The host never appears on the server and I can see those lines in the agent logs:

time="2016-11-17T09:30:29Z" level="info" msg="Host not registered yet. Sleeping 1 second and trying again." Attempt=1 reportedUuid="6bfcf58e-6562-4b65-ba51-499da1c36d67"
time="2016-11-17T09:30:30Z" level="info" msg="Host not registered yet. Sleeping 1 second and trying again." Attempt=2 reportedUuid="6bfcf58e-6562-4b65-ba51-499da1c36d67"
time="2016-11-17T09:30:31Z" level="info" msg="Host not registered yet.
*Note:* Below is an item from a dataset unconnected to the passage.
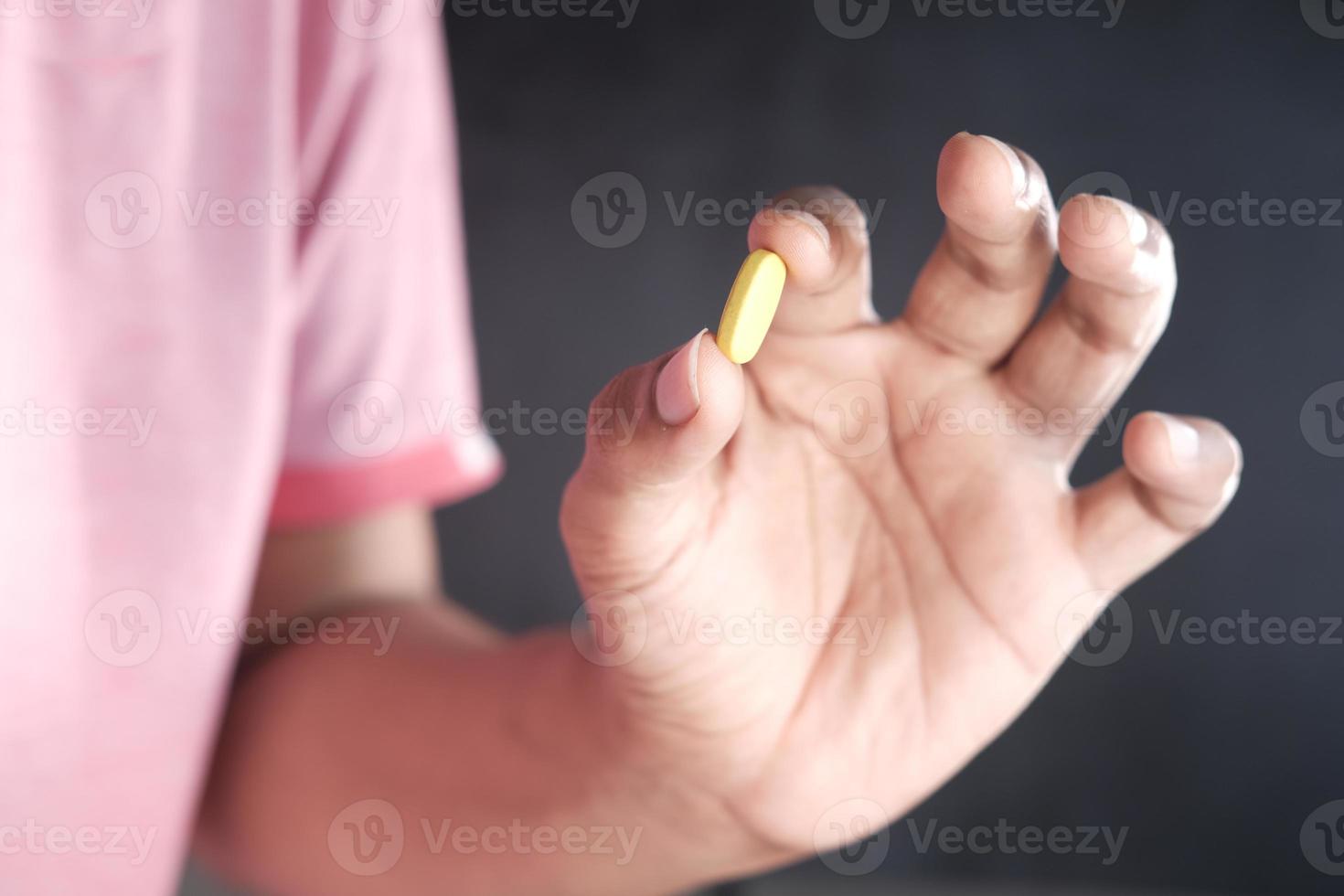 Cerca de la mano del hombre sosteniendo pastillas con espacio de copia foto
Sleeping 1 second and trying again." Attempt=3 reportedUuid="6bfcf58e-6562-4b65-ba51-499da1c36d67"

On the nginx-proxy container, I can see those lines in the logs:

nginx.1    | rancher.domain.com aa.bb.cc.dd - C5DDC15BA46CDB2CF9ED [17/Nov/2016:09:30:59 +0000] "POST /v1/hostapiproxytokens HTTP/1.1" 422 179 "-" "Go 1.1 package http"
nginx.1    | rancher.domain.com aa.bb.cc.dd - C5DDC15BA46CDB2CF9ED [17/Nov/2016:09:31:00 +0000] "POST /v1/hostapiproxytokens HTTP/1.1" 422 179 "-" "Go 1.1 package http"
nginx.1    | rancher.domain.com aa.bb.cc.dd - C5DDC15BA46CDB2CF9ED [17/Nov/2016:09:31:01 +0000] "POST /v1/hostapiproxytokens HTTP/1.1" 422 179 "-" "Go 1.1 package http"

The 422 status code indicates there is a problem but I don’t know what to do to fix it.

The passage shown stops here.